Эта белая гадость покусилась на самое святое, что у меня есть - на мой труд, на труд еще сотен и тысяч ребят-миростроителей. Она хотела убить не только Леонтьева и Макарина, загнав их в поле больших перегрузок. Она хотела убить всех нас, убивая наш труд.

Кто-то должен остановить белого агрессора. Раз и навсегда. Почему не я?

Этот мир - мой, и никакой белой сволочи я его не отдам, даже если она сильнее меня в миллионы раз.

Мягкий шлепок ладонью по сенсору. Двигатели “Галеона” взвыли, вложив в последний рывок всю свою силу и мощь.

Борт десантного модуля ударил в самую вершину белой пирамиды.

Антигравы гасили перегрузку внутри модуля, но все же инерция швырнула нас вперед, силясь вырвать из пилотских кресел. Ремни-фиксаторы впились в грудь, сжимая ребра.

Удар “Галеона” отсек вершину пирамиды от спускаемого аппарата.
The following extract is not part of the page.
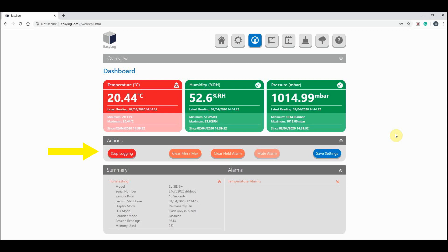In this action section, we can ask the logger to do a number of things. We can stop logging altogether, we can clear the min and max readings we currently have, we can clear any held alarms, and we can also mute the sounder.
Теперь ее острая оконечность вонзилась в днище нашего десантного модуля. Мы успели ощутить пресс пятнадцатикратной перегрузки, прежде чем антигравитаторы восстановили нормальный гравитационный режим внутри нашего корабля.

- Получилось! - Лосев в сердцах ударил кулаком по колену.

- И мы даже живы! - я вымучено усмехнулся.

Что-то сломалось во мне. Лопнуло, как лопается скорлупа, когда цыпленок выбирается из яйца на свет.